**** Dataset section ****

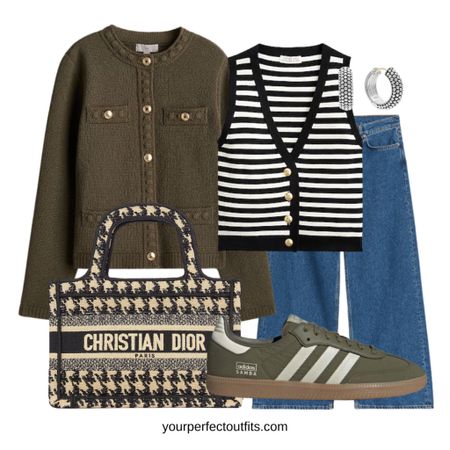 Spring casual outfits with a jean, adidas samba and a khaki cardigan 

#LTKfindsunder100 #LTKstyletip #LTKSeasonal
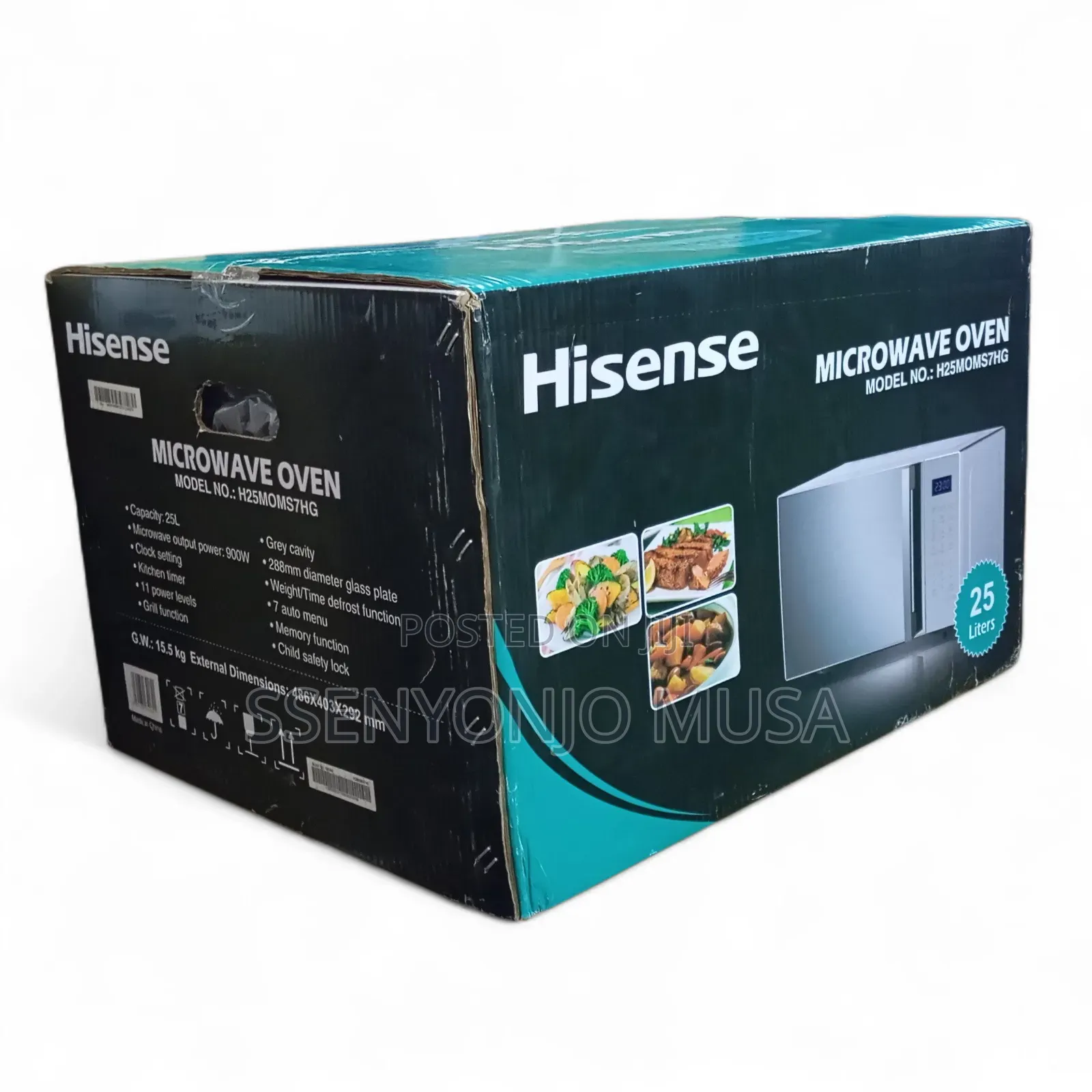 Hisense H25moms7hg Microwave Oven – 25l, 900w Grill Multi-Function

****

**What this task involves:**
Give an exact copy of the listing above that leaves out every picture.

**Expected answer:**
 Spring casual outfits with a jean, adidas samba and a khaki cardigan 

#LTKfindsunder100 #LTKstyletip #LTKSeasonal
 Hisense H25moms7hg Microwave Oven – 25l, 900w Grill Multi-Function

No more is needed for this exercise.